Teri Vance: Making sense of love on Valentine’s Day
This Valentine’s Day is different for me than any other. It’ll be the first one I spend married.
And it comes at a time I’ve already been thinking a lot about love and how it works. Really, what I’ve concluded is the one word isn’t sufficient for all the things love is.
Because love is that mysterious, magical thing that comes into your life and makes everything blurry in a good kind of way. It softens the edges of a world that can otherwise seem to harsh a lot of the time.
But it’s also the thing that endures when someone cleans the entire kitchen and the other one walks in and says, “Oh, I see you started the dishwasher, but left one glass still in the sink. That’s nice.” (I’m not admitting to saying those words Thursday night).
There are many kinds of love, and I was always quick to make that point when people felt sorry for me as a spinster. I never felt lacking for love, it’s everywhere and offered up so freely by family and friends.
Still, there’s something completely unique about being in a real partnership with one you love. In dating relationships, I always found myself in situations — or sought them out intentionally — where we could go days or even weeks without seeing each other.
So the time we spent together was usually an adventure, all fun, little conflict.
That’s hard to do in a marriage. Adventure takes on a new meaning when you’re trying to unclog the shower together.
Going your separate ways for a week isn’t practical. Instead, you’re left to fight through your problems.

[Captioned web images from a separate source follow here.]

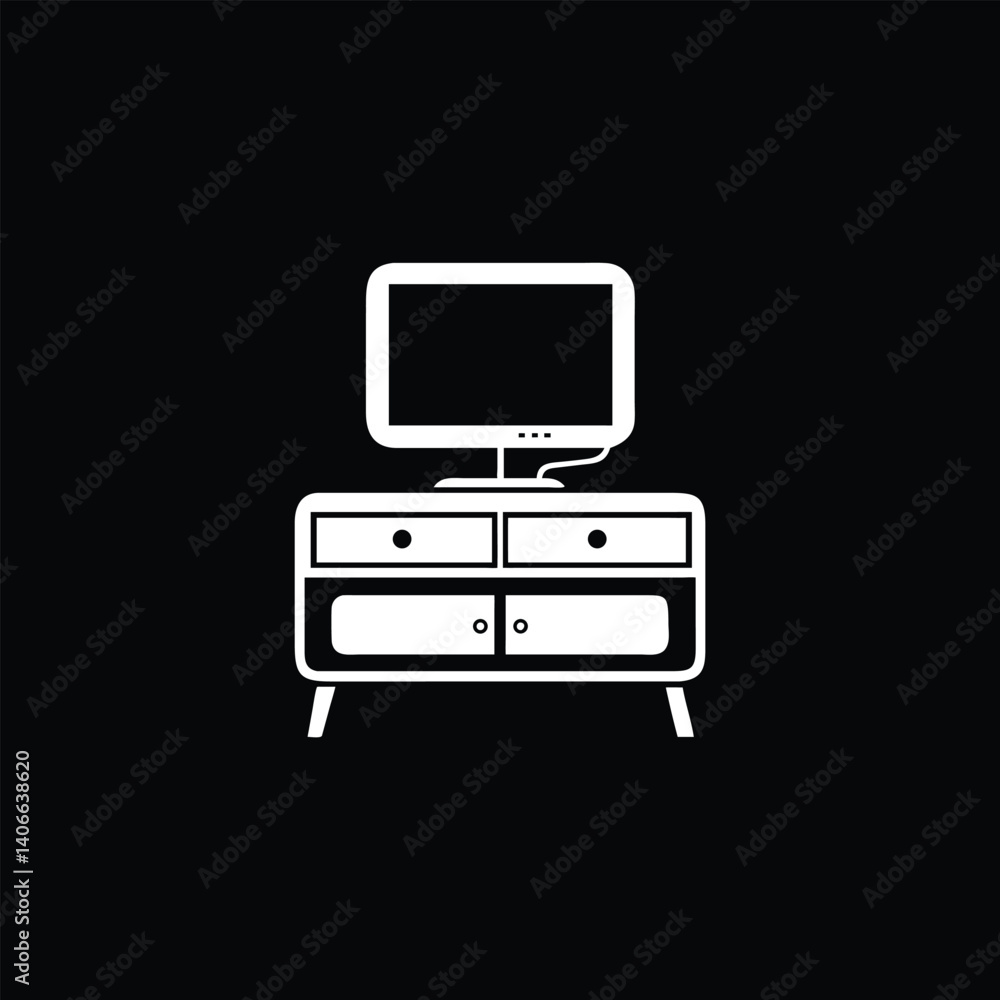 Modern TV Unit Icon with Bookshelves and Cabinet - Vector Illustration
Modern TV Unit Icon with Bookshelves and Cabinet - Vector Illustration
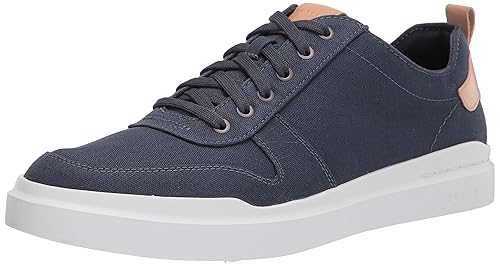 Cole Haan mens Grandpro Rally Canvas Court Sneaker, Vintage Indigo Canvas/Natural, 10 Wide US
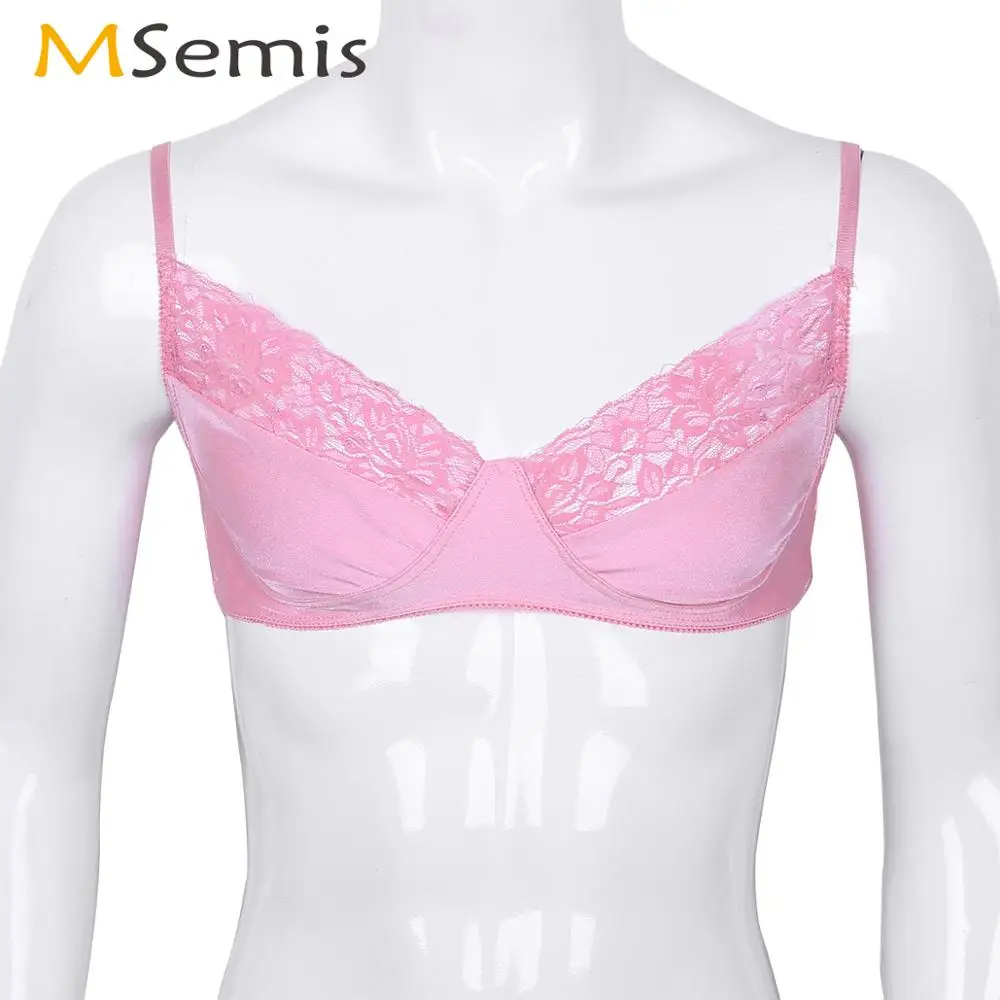 Sissy Men Floral Lace Bra Satin Bralette Cross Dresser Soft Crop Top  Lingerie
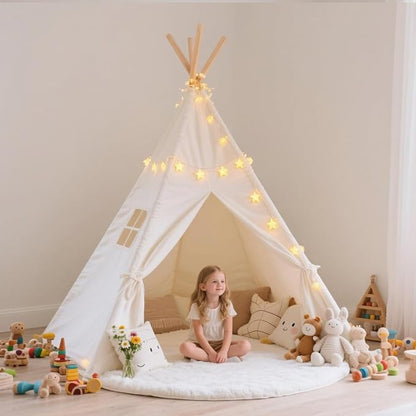 6 Pack Teepee Tent for Kids,Collapsible Kids Teepee Tent with 10 Ft String Lights,White Kid Teepee Boys Girls Indoor Outdoor Slumber Party Sleepover Party
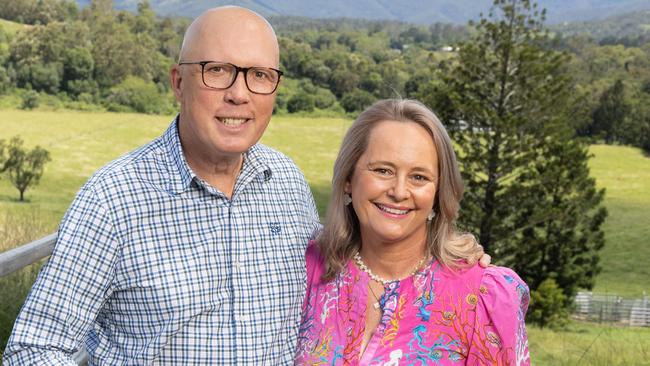 Opposition Leader Peter Dutton with his wife Kirilly at their Queensland property. Picture: Paul Harris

I know every couple has their own style for settling conflict. My husband and I both only know one way: Directly.
Well, my tendency in the past has been to be direct or avoid it all together. Usually, I chose to avoid. Until one day I couldn’t avoid it any longer, and that’s the day it was over.
So now we fight it out.
And from the fight, I’ve learned a lot about love. At first, it was scary to tell my truth, to expose my weaknesses. If he sees the real me, surely he won’t love me anymore. But as we’ve worked through each of our conflicts, I’ve found our vulnerabilities have strengthened us.
Real love endures the struggles, which are so small in comparison to the millions of magical moments. Just watching him walk through the front door after work is often enough to make my heart physically swell (or maybe it just figuratively does. I don’t know a lot about anatomy).